■ **Activity**
Begin your copy at the line with "Linge De Cuisine Notes de musique colorées" in the records below and end it at the line with "3pcs/lot Antique silver", restating each line word for word; omit the pictures.

■ **Data under study**
☆ ☆ ☆
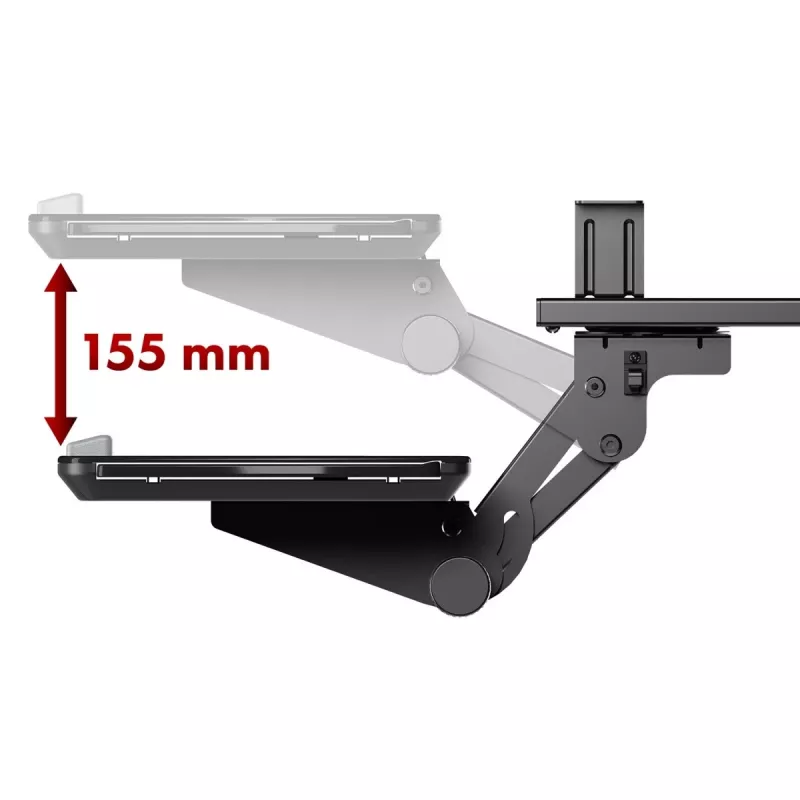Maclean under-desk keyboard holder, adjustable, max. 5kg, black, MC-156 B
☆ ☆ ☆
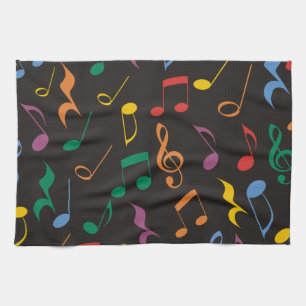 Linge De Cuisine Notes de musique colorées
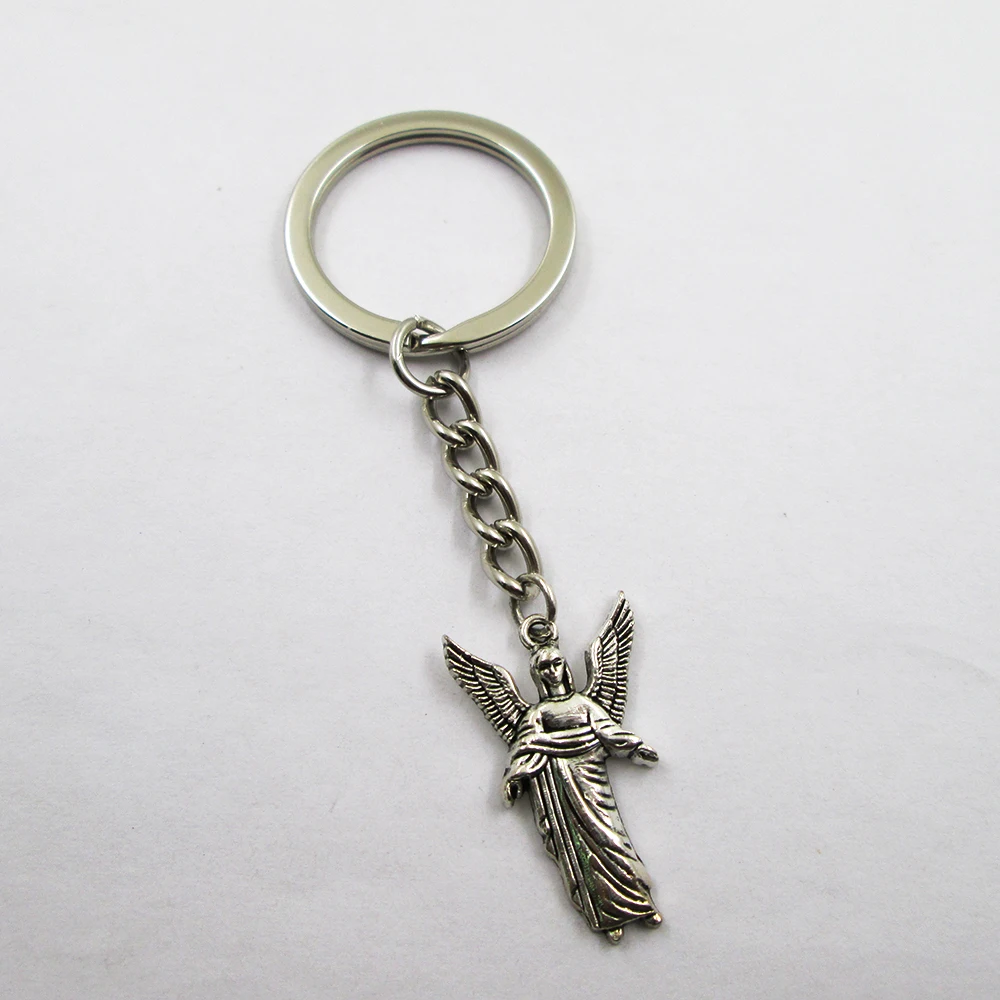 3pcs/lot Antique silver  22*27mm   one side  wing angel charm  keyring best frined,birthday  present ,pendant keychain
☆ ☆ ☆
■ **Solution to the exercise**
 Linge De Cuisine Notes de musique colorées
 3pcs/lot Antique silver  22*27mm   one side  wing angel charm  keyring best frined,birthday  present ,pendant keychain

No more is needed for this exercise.